For the most part, Chickens and Pigeons don't mix well. For years my Hens slept in the garage with my Pigeons although they were separated. The chickens were always sick, it was one thing after the other, until I had their own coop built.
Last spring, a feral Pigeon couple made a nest in the chicken coop. The chickens were very aggressive toward them and probably would have hurt them if they could have caught them. 
They got along well with the foster duck though.


----------



## bluebirdsnfur (Jan 20, 2009)

Well I can see the chickens will have to wait. I plan on accomadating the pigeons first. As Flurry our little white stray pigeon showed up first, it'll be first come first serve. 
Thanks for the advice everyone.


----------



## maryjane (Jul 15, 2006)

My kings all get along with the other birds.
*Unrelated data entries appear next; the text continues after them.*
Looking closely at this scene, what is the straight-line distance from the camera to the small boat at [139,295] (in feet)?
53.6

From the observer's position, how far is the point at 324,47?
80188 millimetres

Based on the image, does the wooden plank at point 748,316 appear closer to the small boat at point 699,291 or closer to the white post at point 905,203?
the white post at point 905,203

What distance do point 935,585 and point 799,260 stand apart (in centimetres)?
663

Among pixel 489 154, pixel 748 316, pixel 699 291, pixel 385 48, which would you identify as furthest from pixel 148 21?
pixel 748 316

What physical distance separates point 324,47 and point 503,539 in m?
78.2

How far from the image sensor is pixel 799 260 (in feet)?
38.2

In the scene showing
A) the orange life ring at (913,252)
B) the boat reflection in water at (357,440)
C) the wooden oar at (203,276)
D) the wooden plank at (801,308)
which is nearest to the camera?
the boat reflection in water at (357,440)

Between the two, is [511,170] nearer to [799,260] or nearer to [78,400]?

I would not hesitate if I were you, to put them in with the racers/homers. I would be wary of putting them with the doves as generally the doves don't do so well with the pigeons. Of course each one is individual, and will have its own temperament, but in general I've always found them to be exactly that, "gentle giants".


----------



## TAWhatley (Mar 6, 2001)

I wouldn't try putting the Kings with the doves .. the size difference is just too great. Just one aggressive King and you've got dead or injured doves. I have had Kings with homers/racers/ferals, and that works OK, but even then you have to be sure you don't have an aggressive King because he or she will totally kick butt on the other pigeons. Generally, the Kings are very gentle birds, so it probably won't be a problem, but if it happens, you've got a bird that weighs enough more and is enough stronger to put some real hurt on a smaller bird. On the other hand, I've had gentle Kings who got their butts kicked by aggressive homers and ferals .. you've just got to watch them. I am constantly playing "ring around the rosie" here with moving birds from one group to another until I get a good match.

Terry


----------